Create a service instance

This section covers the following:

  • Using kubectl to create a RabbitmqCluster service instance.
  • Creating a resource claim policy that permits the service instance to be claimed.

For this part of the walkthrough, you assume the role of the service operator.

To create a service instance:

  1. Create a dedicated namespace for service instances by running:

    kubectl create namespace service-instances
    

    Note: Using namespaces to separate service instances from application workloads allows for greater separation of concerns, and means that you can achieve greater control over who has access to what. However, this is not a strict requirement. You can create both service instances and application workloads in the same namespace if desired.

  2. Find the list of services that are available on your cluster by running:

    tanzu service types list
    

    Expected output:

    Warning: This is an ALPHA command and may change without notice.
    
     NAME      DESCRIPTION               APIVERSION                    KIND
     rabbitmq  It's a RabbitMQ cluster!  rabbitmq.com/v1beta1          RabbitmqCluster
    
    Note

    : If you see No service types found., ensure you have completed the steps in Set up a service earlier in this walkthrough.

  3. Create a RabbitmqCluster service instance.

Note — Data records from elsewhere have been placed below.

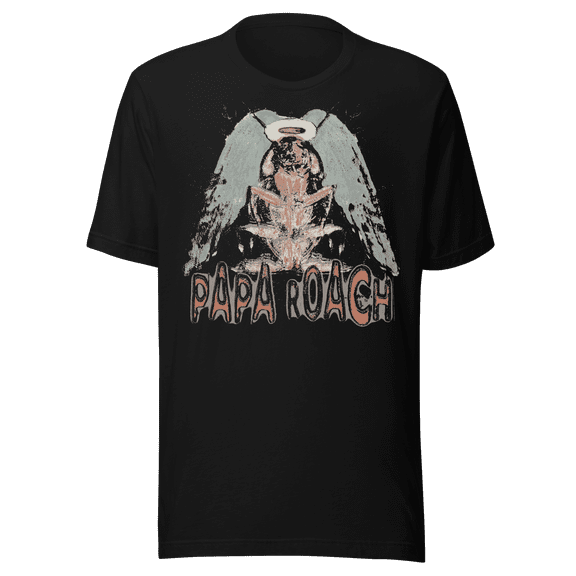 Papa Roach Roach Motel T-Shirt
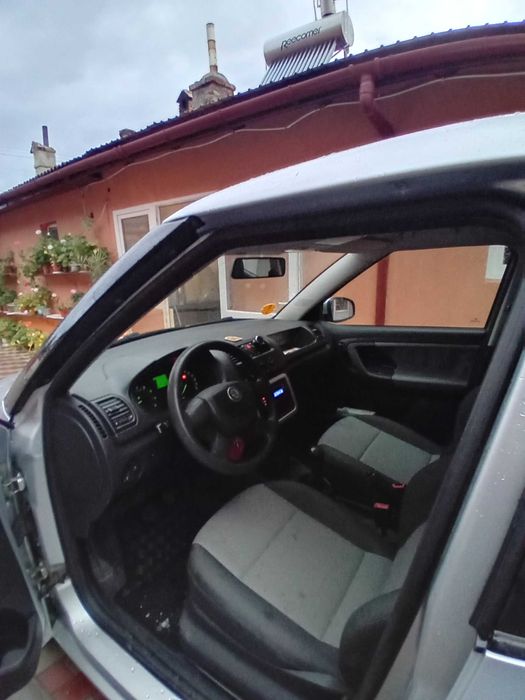 Skoda Fabia 1.2 Benzina, 2011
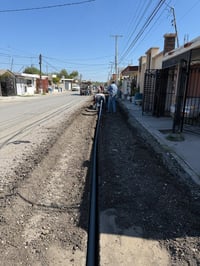 Gobierno de Coahuila y SIMAS Carbonífera solucionan infiltración en Arboledas, Sabinas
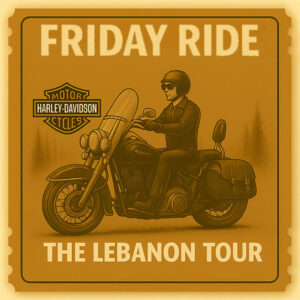 Friday Ride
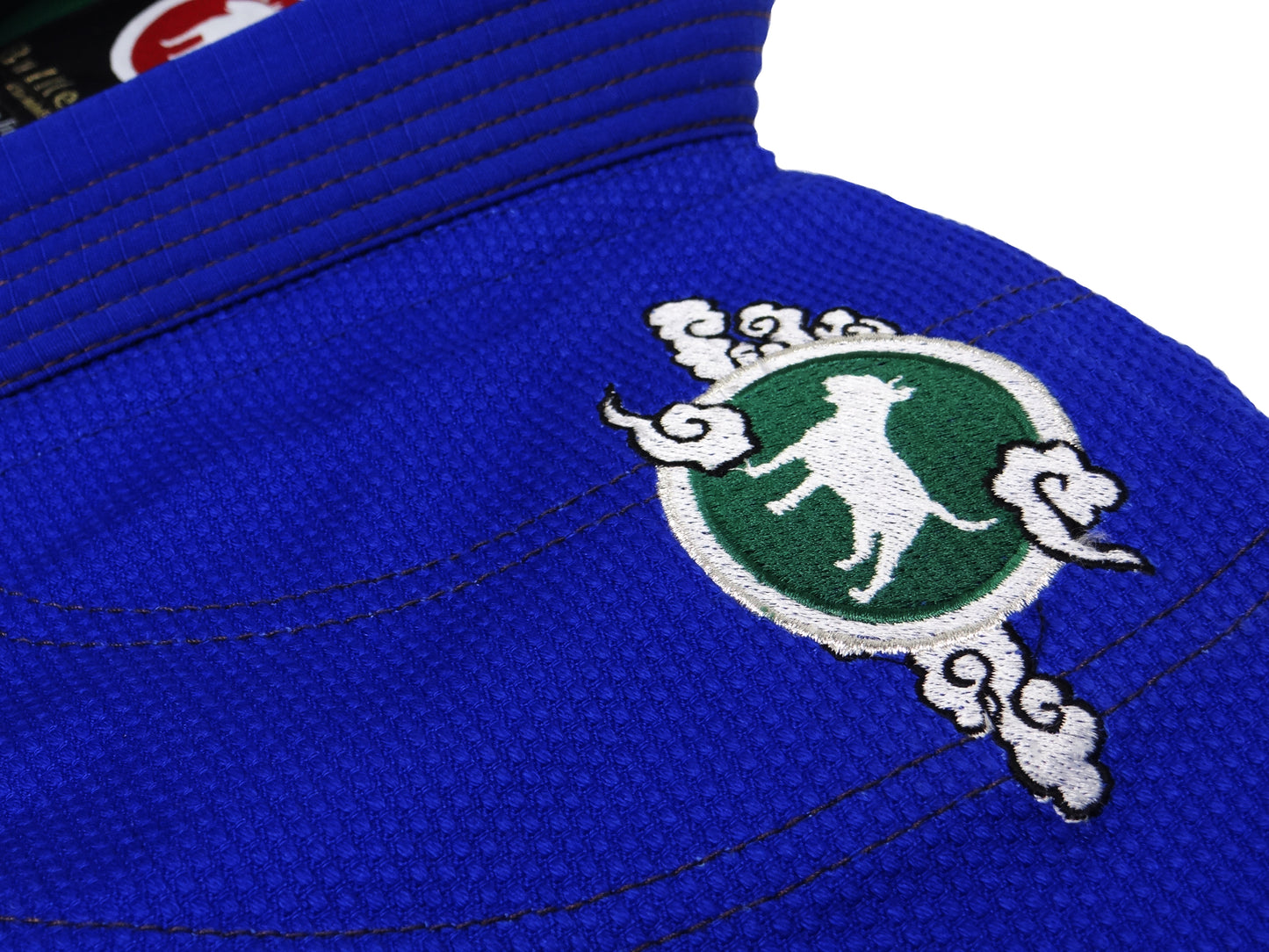 BULLTERRIER Jiu-Jitsu Gi FUJIN RAIJIN 9.0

    1. Create a file named rmq-1-service-instance.yaml using the APIVERSION and KIND from the output of the tanzu service types list command:

      # rmq-1-service-instance.yaml
      ---
      apiVersion: rabbitmq.com/v1beta1
      kind: RabbitmqCluster
      metadata:
        name: rmq-1
        namespace: service-instances
      
    2. Apply rmq-1-service-instance.yaml by running:

      kubectl apply -f rmq-1-service-instance.yaml
      
  4. Create a resource claim policy to define the namespaces the instance can be claimed and bound from:

    Note: By default, you can only claim and bind to service instances that are running in the same namespace as the application workloads. To claim service instances that are running in a different namespace, you must create a resource claim policy.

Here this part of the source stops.